Había que estar a las 4 de la
mañana en el puerto para poder abordar al Ferry de regreso. Así que en vez de
pasar la noche en un hotel optamos por quedarnos de fiesta en la calle. Total íbamos armados con
Vodka y eran pocas horas. Nos ubicamos en una placita para comenzar las
cubitas, cuando Fernanda vio como un inocente pajarillo iba a ser devorado por
un gato. “! Hagan algo¡” gritó, a lo
que Carlos, como buen veterinario y
defensor de los animales que es, se prestó rápidamente para defender al
pajarillo, tomando lo primero que le vino a la mano y arrojándolo con tan poca
puntería que el objeto aventado se reventó en un árbol cercano.

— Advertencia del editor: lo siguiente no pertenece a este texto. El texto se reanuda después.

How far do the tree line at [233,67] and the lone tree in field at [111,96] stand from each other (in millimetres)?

Un intenso olor
a alcohol comenzó a llenarnos los sentidos. Carlos no pudo encontrar otra cosa
mejor que aventar más que la única botella de vodka que teníamos. Así pues
pasamos la noche sobrios, con frío, en la calle y viendo como el gato se
zampaba un nido entero de pájaros.
El puerto quedaba un pelín lejos y empezar la caminata a las 3 am era lo
prudente. A mitad del trayecto y rodeados de total oscuridad apareció un coche
de policía marítima. Entre español-italiano-inglés, el policía nos preguntó que
qué hacíamos por ahí, se lo explicamos y amablemente nos ofreció acercarnos
hasta dónde íbamos. En el trayecto nos explicó que la policía ronda esa zona de
manera habitual, porque como nosotros, siempre hay gente tratando de ir al
puerto que después acababa perdiéndose. Mientras nos explicaba todo eso, a
Carlos que iba de copiloto, no se le ocurrió otra cosa mejor más que elogiar el
arma del policía “usted sí que tiene un pistolón”. Pocas veces he pasado tanta
vergüenza y me he reído tanto al mismo tiempo. Al llegar al puerto nos
enteramos de que el dichoso ferry llevaba 3 horas de atraso. Decidí que
necesitaba dormir, pero las sillas de la sala de espera en las que estábamos
eran re-incómodas, así que se me hizo fácil pedirle una pastilla de esas
soporíferas a Ricardo para poder conciliar el sueño sin importar la
anti-ergonómica silla. En mi vida vuelvo a tomar una pastilla de esas, es como
si se te subiera el muerto mientras duermes, bueno no, como si se te subieran
80 muertos mientras duermes. No pude volver a abrir el ojo y casi creo que me
metieron arrastrando al barco. Lo siguiente que supe, es que ya estaba de
vuelta en Barcelona.
Capítulo 4.
Con el invierno ya encima una de
las mejores cosas que se puede hacer es ir al paraíso fiscal Andorrano de
compras y de paso esquiar en los pirineos. Yo no compré nada por supuesto, pero
sí me apunté a esquiar, cosa que nunca había hecho pero que me llamaba mucho la
atención, no solo por el deporte en sí, sino también por la curiosidad de ver nevar
y caminar sobre nieve.
Lo mucho que me decepcionó
Andorra como ciudad, fue remplazado por una sensación pueril de alegría al
estar en la nieve. Sensación que conforme pasa el día cambia, pasa de “!Que
bonito, cuanta nieve¡” a un escueto “pinche nieve, pinche frío”. Me calcé los
esquís y con un par de explicaciones que alguien me dio, me fui a las pistas
infantiles, porque en el desierto potosino no hay mucho lugar donde aprender este
deporte y siendo autodidacta, preferí esquiar con los niños antes que con los
adultos. Pasé bastante tiempo entre una red anaranjada que parecía tener
magnetismo, porque invariablemente de la dirección que tomara acaba atrapado en
ella. Al final del día, ya medio empapado de tantas ocasiones en que visité el
suelo, tenía semi-dominado el tema, hasta que en una de esas, el esquí se atoró
en la nieve, el dispositivo de seguridad que lo libera falló y mi rodilla hizo
las veces de un bonito rehilete.
Ligamento lateral interno con daño grave, fisura en el menisco interno,
daño óseo a la altura de la inserción de ligamentos en la tibia, ligamiento cruzado
anterior totalmente roto y moral en caída libre mientras me retiraban de las
pistas en una moto-nieve.
Así, de golpe y porrazo (nunca antes mejor dicho), mis andanzas se
detuvieron abruptamente para dar paso a un desfile de visitas a doctores,
hospitales, máquinas de radiografías y resonancias magnéticas, para finalmente
aterrizar en el quirófano.
Estaré 6 meses fuera de combate y cada día que pasa me parezco más a Ana
Frank. Escribiendo mis memorias desde el encierro de mí casa, aunque claro, sin
la emoción de ser perseguido por la Alemania nazi.